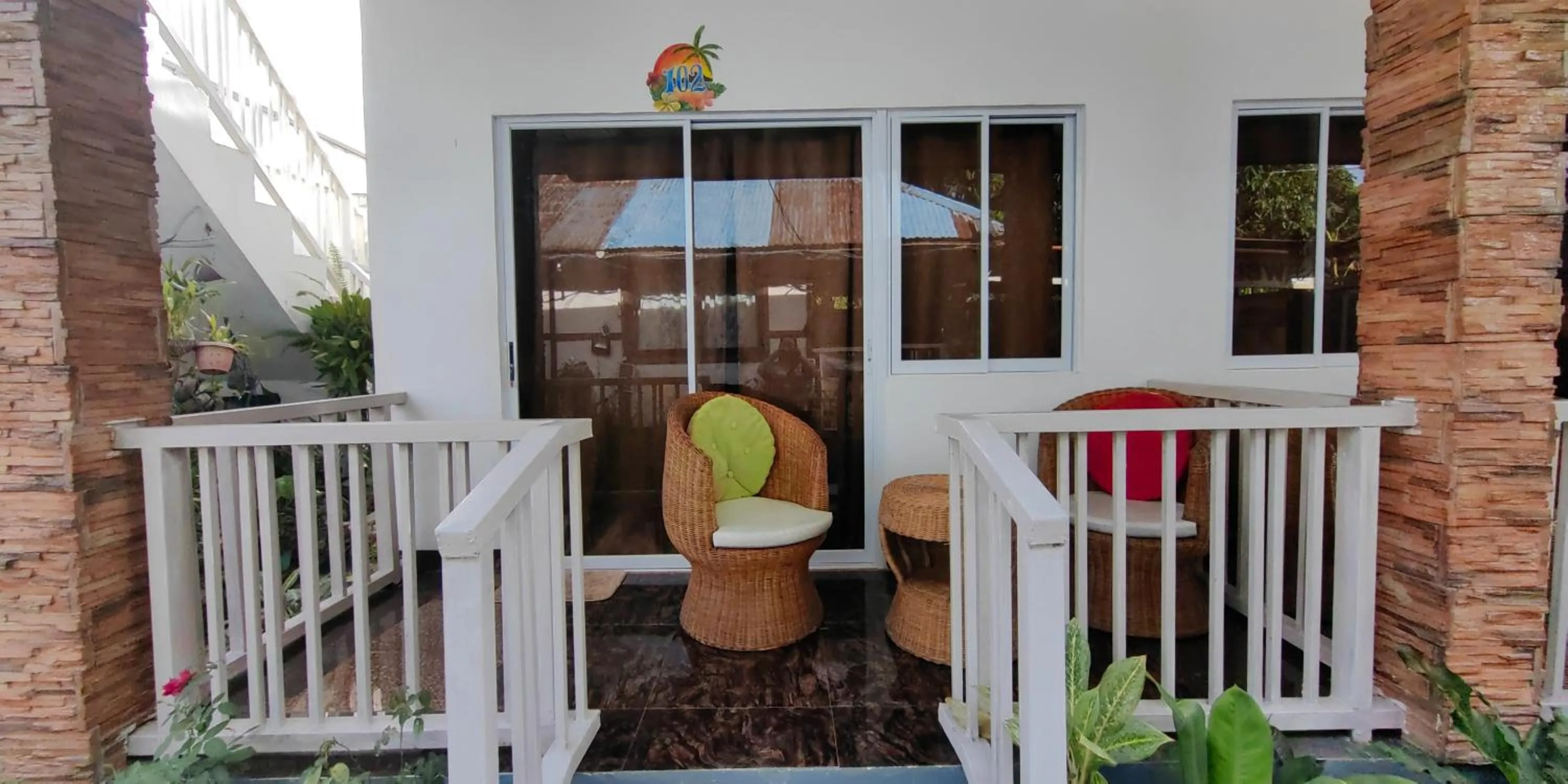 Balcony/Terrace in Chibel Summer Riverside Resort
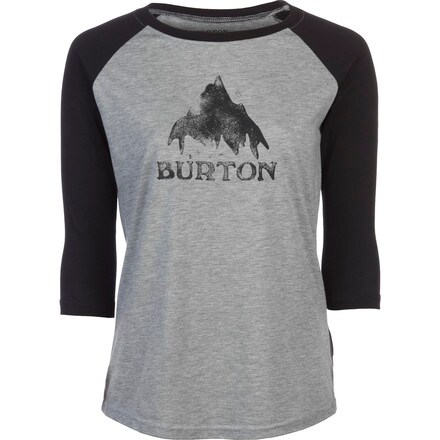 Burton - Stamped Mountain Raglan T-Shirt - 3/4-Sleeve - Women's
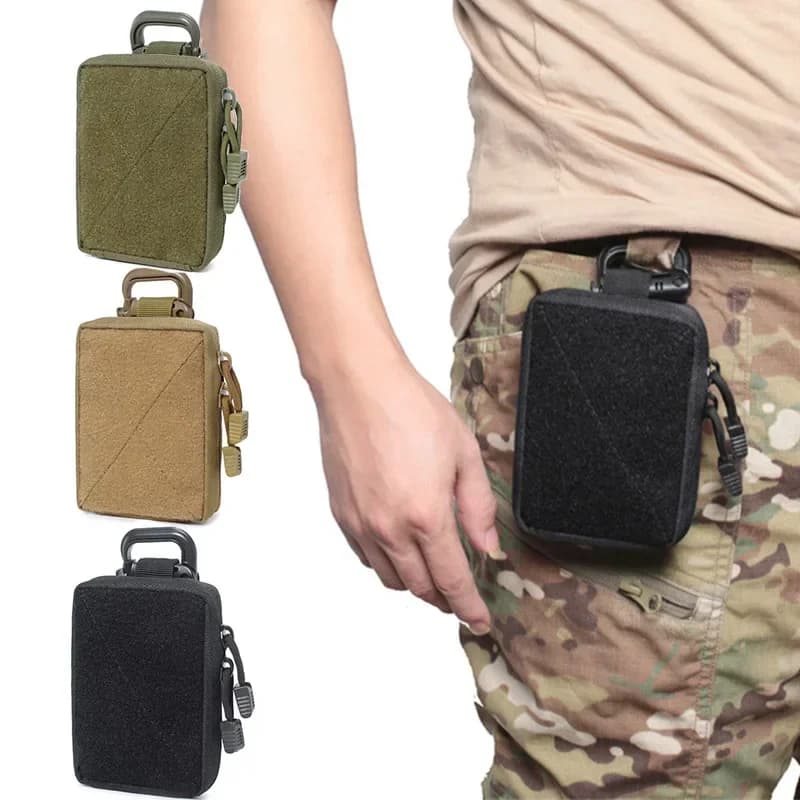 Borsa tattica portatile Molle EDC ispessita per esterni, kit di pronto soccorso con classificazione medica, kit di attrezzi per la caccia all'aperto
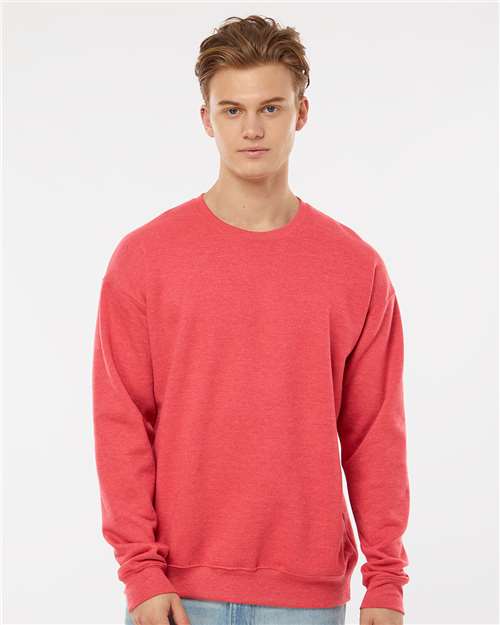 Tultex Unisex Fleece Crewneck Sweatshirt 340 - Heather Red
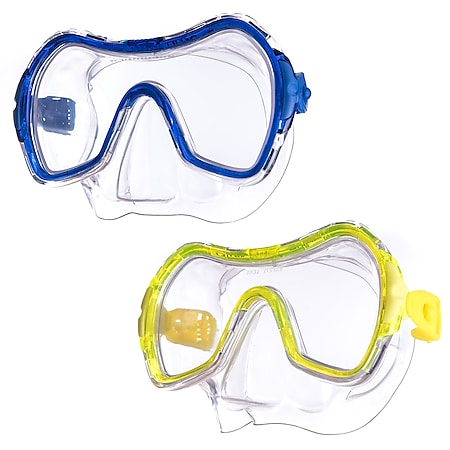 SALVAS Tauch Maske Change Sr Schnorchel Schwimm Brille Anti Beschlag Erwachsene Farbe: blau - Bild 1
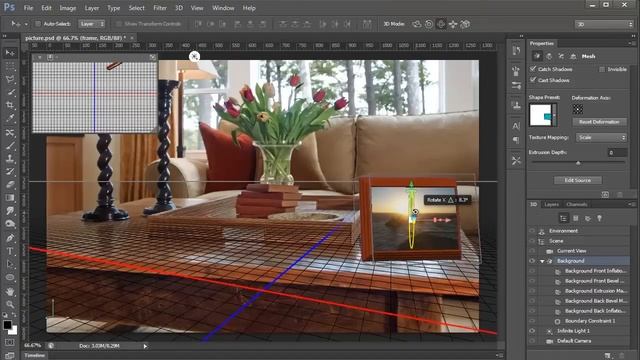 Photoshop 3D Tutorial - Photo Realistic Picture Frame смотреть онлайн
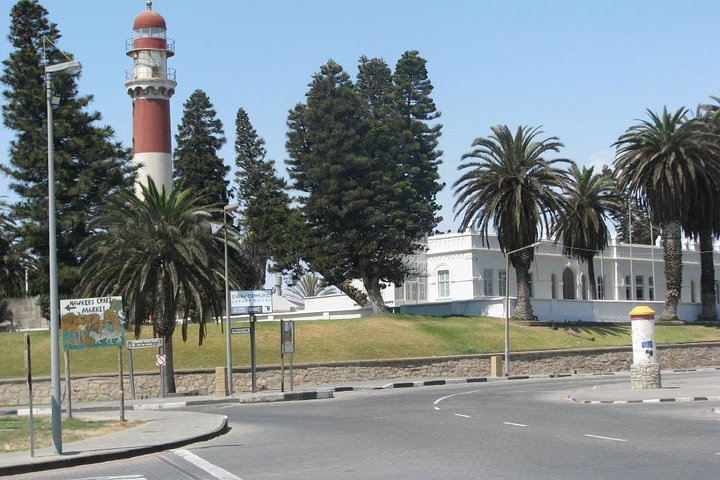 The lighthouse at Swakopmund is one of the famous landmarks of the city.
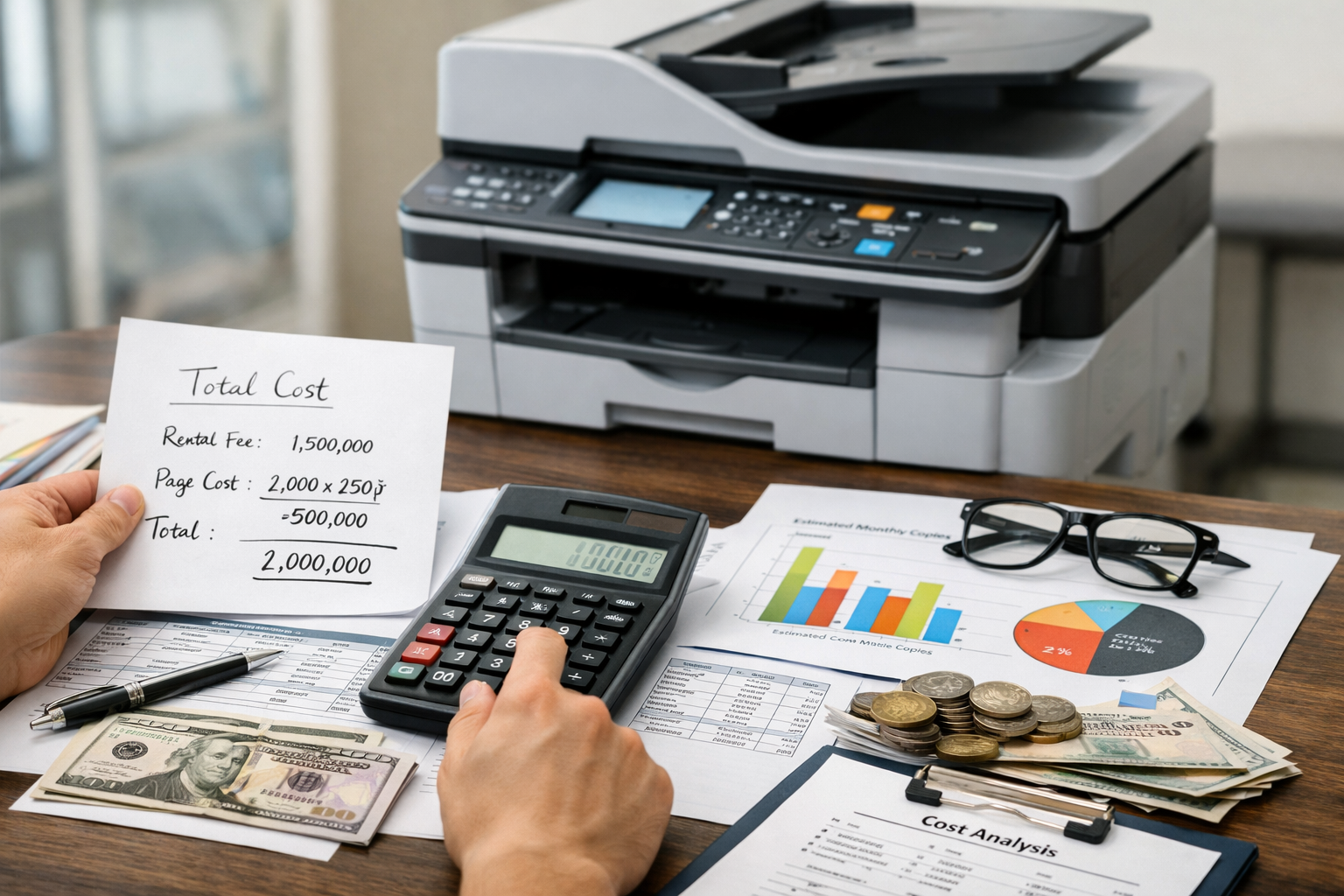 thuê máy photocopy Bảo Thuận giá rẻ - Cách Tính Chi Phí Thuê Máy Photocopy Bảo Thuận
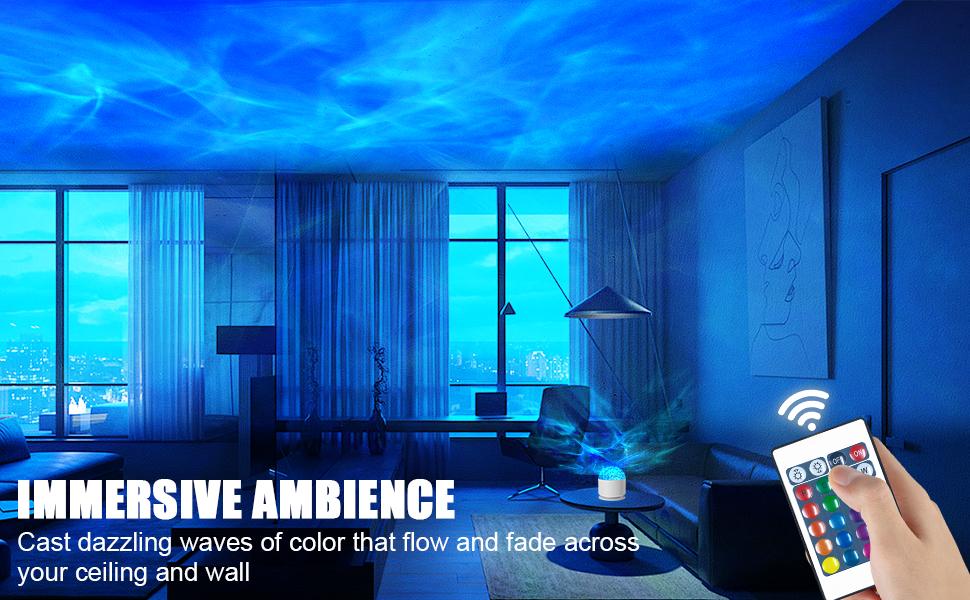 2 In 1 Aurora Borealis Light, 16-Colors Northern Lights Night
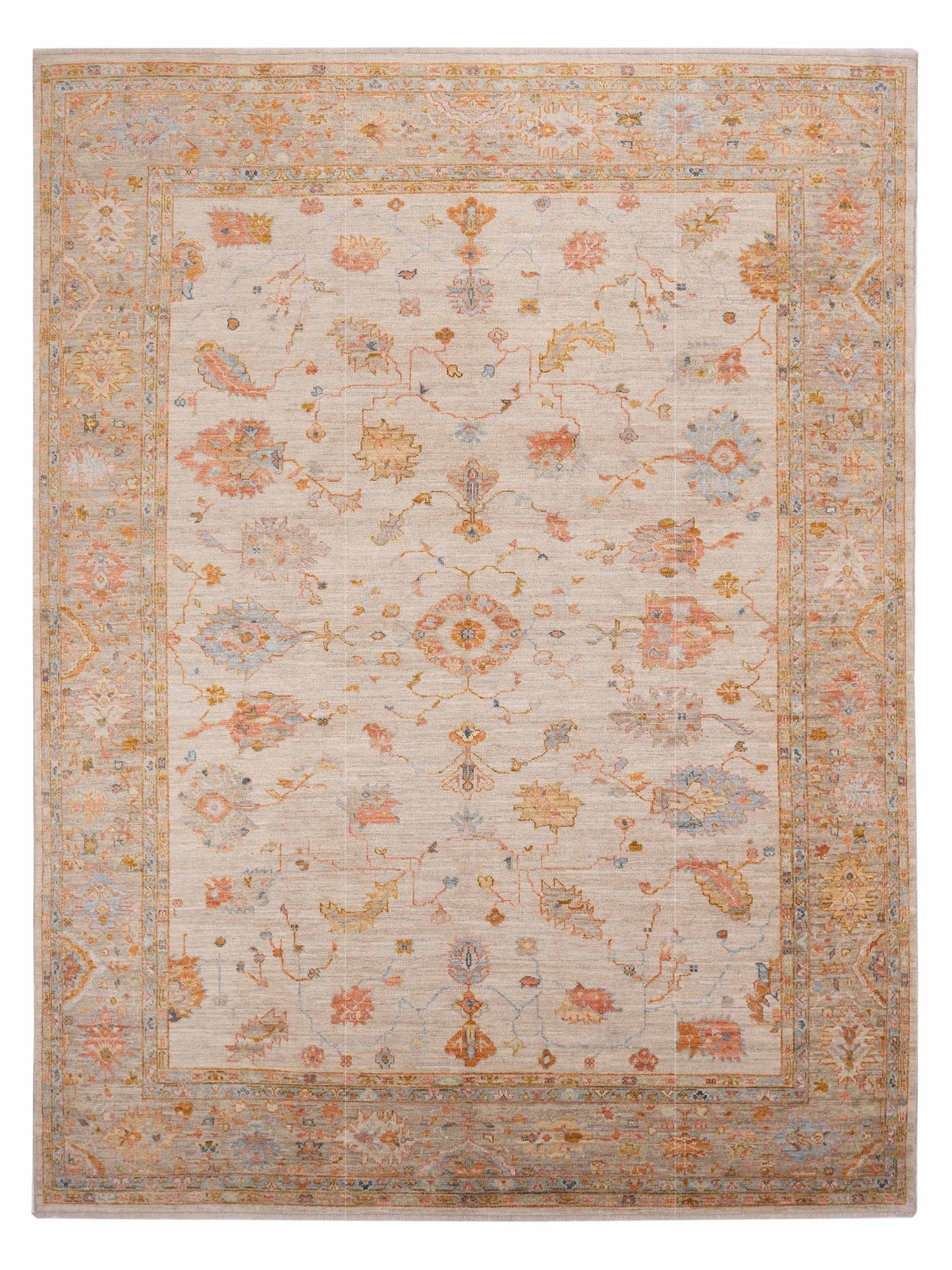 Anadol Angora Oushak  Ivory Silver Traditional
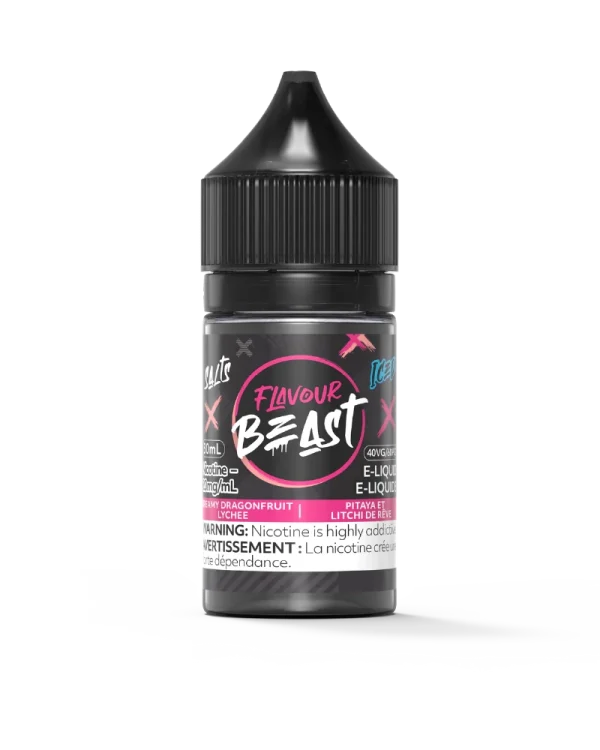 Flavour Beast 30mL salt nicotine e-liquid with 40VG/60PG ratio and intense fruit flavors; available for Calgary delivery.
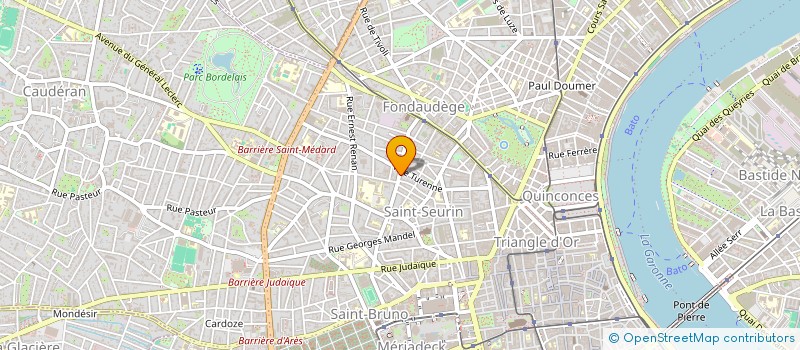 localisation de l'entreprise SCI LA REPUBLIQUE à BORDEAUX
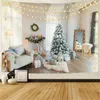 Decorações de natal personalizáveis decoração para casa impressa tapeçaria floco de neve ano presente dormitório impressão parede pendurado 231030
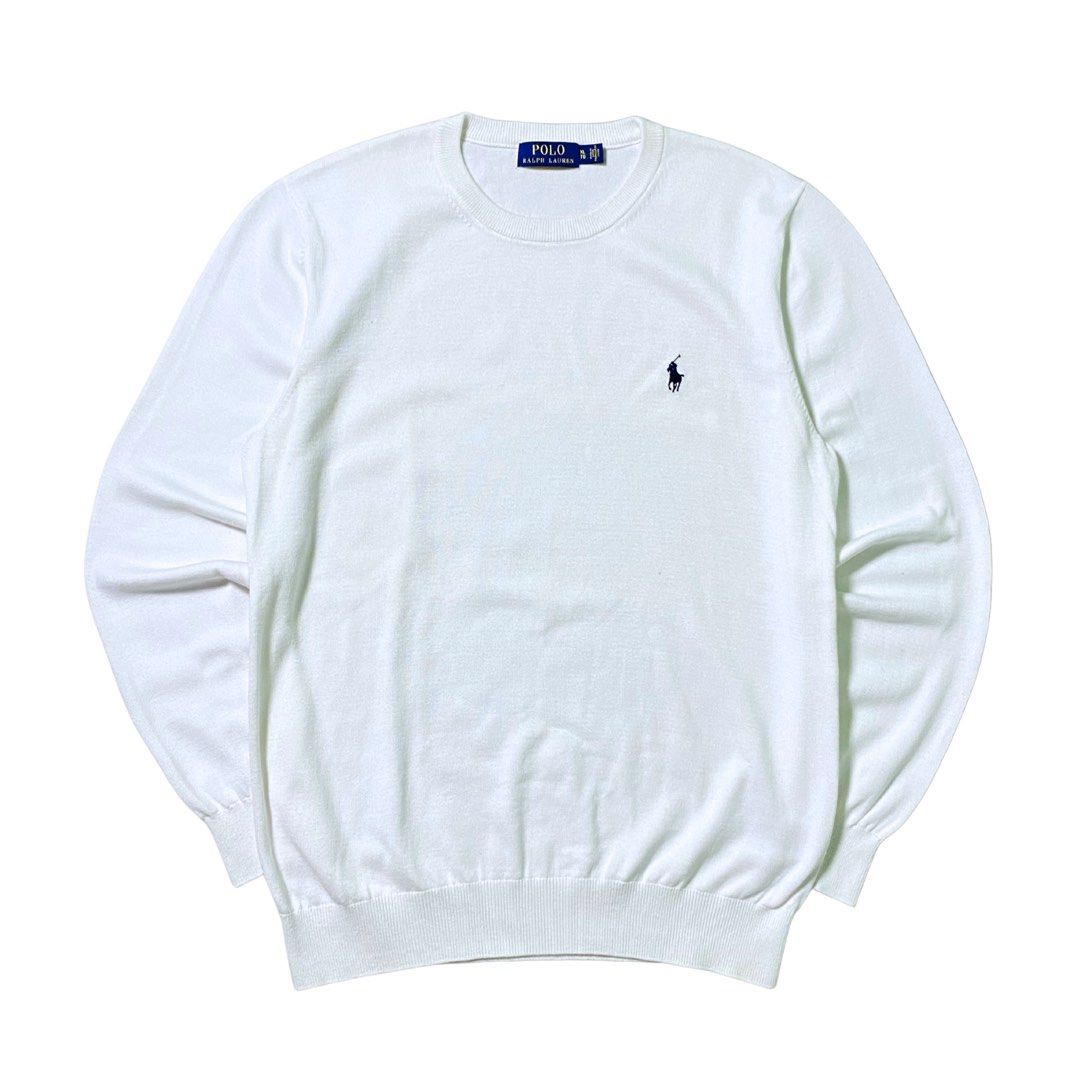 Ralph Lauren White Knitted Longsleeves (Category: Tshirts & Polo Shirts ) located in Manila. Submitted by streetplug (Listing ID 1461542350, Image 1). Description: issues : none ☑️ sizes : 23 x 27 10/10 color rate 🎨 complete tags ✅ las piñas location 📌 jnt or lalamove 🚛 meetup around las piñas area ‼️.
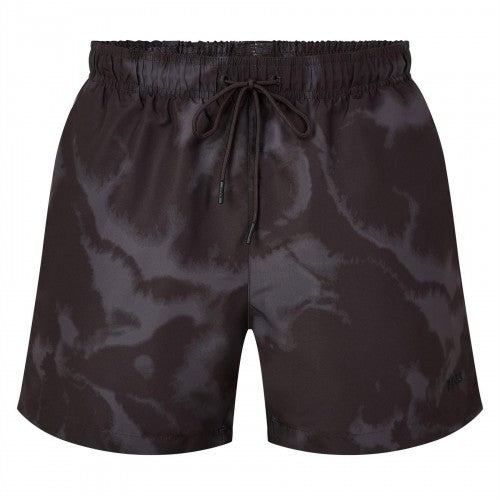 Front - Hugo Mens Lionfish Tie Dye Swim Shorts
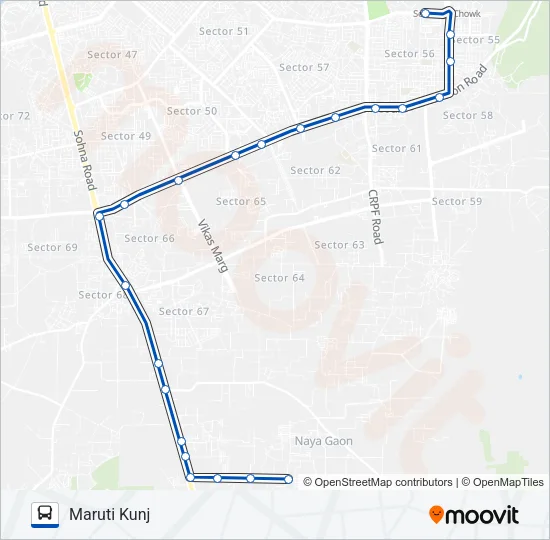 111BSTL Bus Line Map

◆ **What to do**: Keep to the lines above from the line with "SALVAS Tauch Maske" to the line with "Ralph Lauren White", and set down exactly those, inclusive, with nothing else and every picture left out.

◆ **Completed exercise**:
 SALVAS Tauch Maske Change Sr Schnorchel Schwimm Brille Anti Beschlag Erwachsene Farbe: blau - Bild 1
 Photoshop 3D Tutorial - Photo Realistic Picture Frame смотреть онлайн
 The lighthouse at Swakopmund is one of the famous landmarks of the city.
 thuê máy photocopy Bảo Thuận giá rẻ - Cách Tính Chi Phí Thuê Máy Photocopy Bảo Thuận
 2 In 1 Aurora Borealis Light, 16-Colors Northern Lights Night
 Anadol Angora Oushak  Ivory Silver Traditional
 Flavour Beast 30mL salt nicotine e-liquid with 40VG/60PG ratio and intense fruit flavors; available for Calgary delivery.
 localisation de l'entreprise SCI LA REPUBLIQUE à BORDEAUX
 Decorações de natal personalizáveis decoração para casa impressa tapeçaria floco de neve ano presente dormitório impressão parede pendurado 231030
 Ralph Lauren White Knitted Longsleeves (Category: Tshirts & Polo Shirts ) located in Manila. Submitted by streetplug (Listing ID 1461542350, Image 1). Description: issues : none ☑️ sizes : 23 x 27 10/10 color rate 🎨 complete tags ✅ las piñas location 📌 jnt or lalamove 🚛 meetup around las piñas area ‼️.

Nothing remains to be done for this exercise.